## Collected data
□ □ □ □

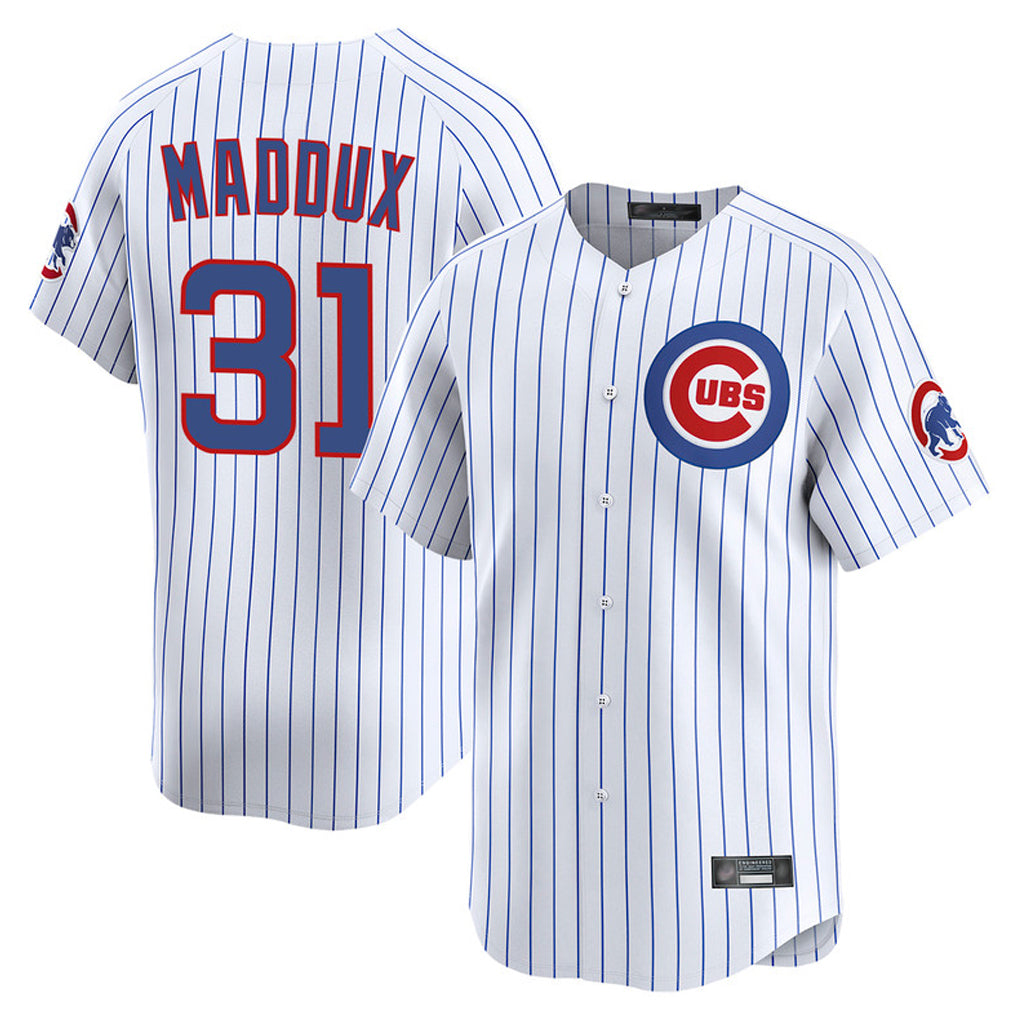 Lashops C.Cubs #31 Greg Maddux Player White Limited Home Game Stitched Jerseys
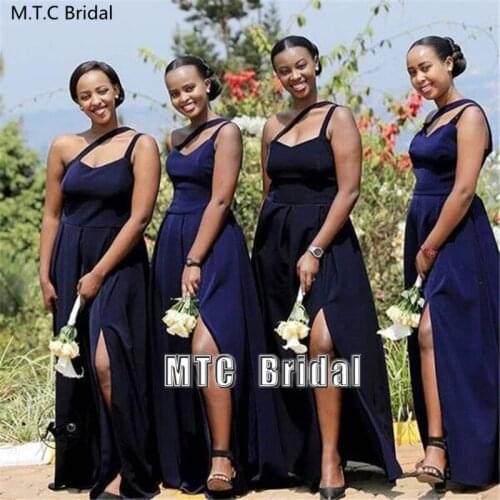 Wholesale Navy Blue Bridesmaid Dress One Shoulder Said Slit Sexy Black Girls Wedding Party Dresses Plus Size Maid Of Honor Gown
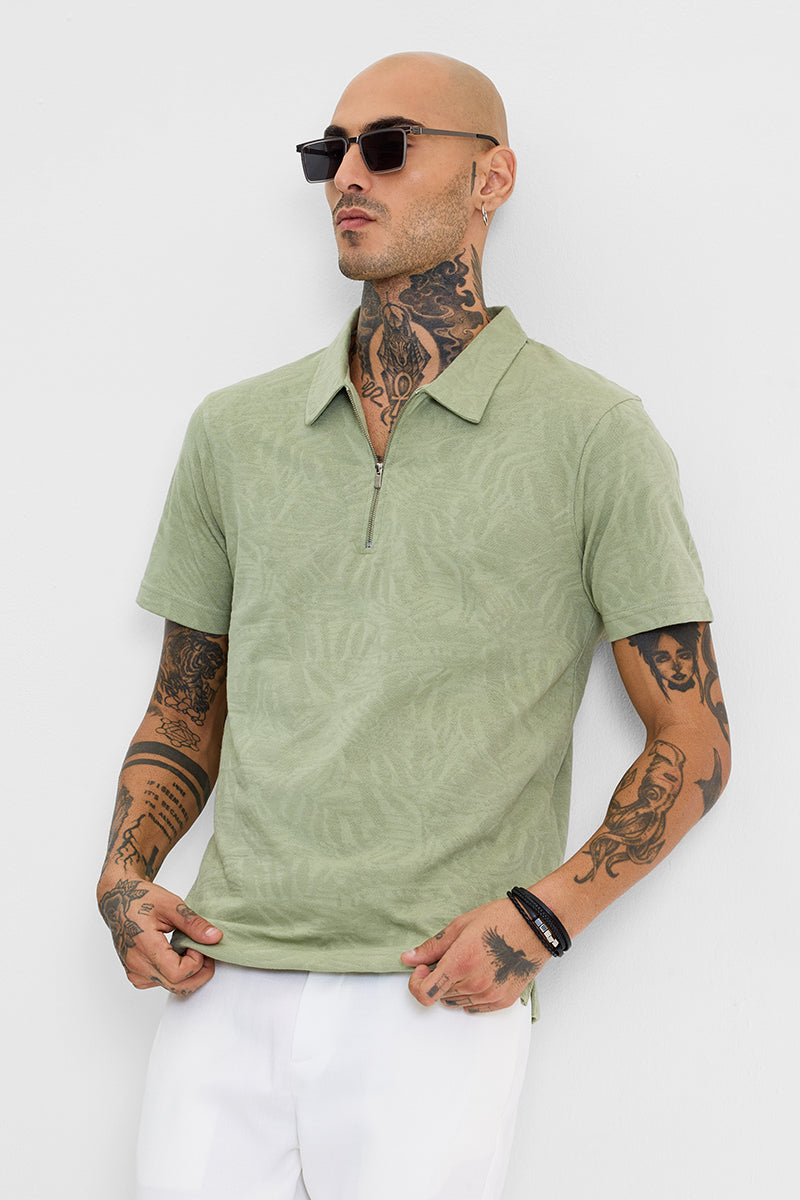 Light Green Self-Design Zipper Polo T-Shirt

□ □ □ □

## Task to carry out
The listing above must be repeated exactly, apart from the pictures.

## Answer to the exercise
 Lashops C.Cubs #31 Greg Maddux Player White Limited Home Game Stitched Jerseys
 Wholesale Navy Blue Bridesmaid Dress One Shoulder Said Slit Sexy Black Girls Wedding Party Dresses Plus Size Maid Of Honor Gown
 Light Green Self-Design Zipper Polo T-Shirt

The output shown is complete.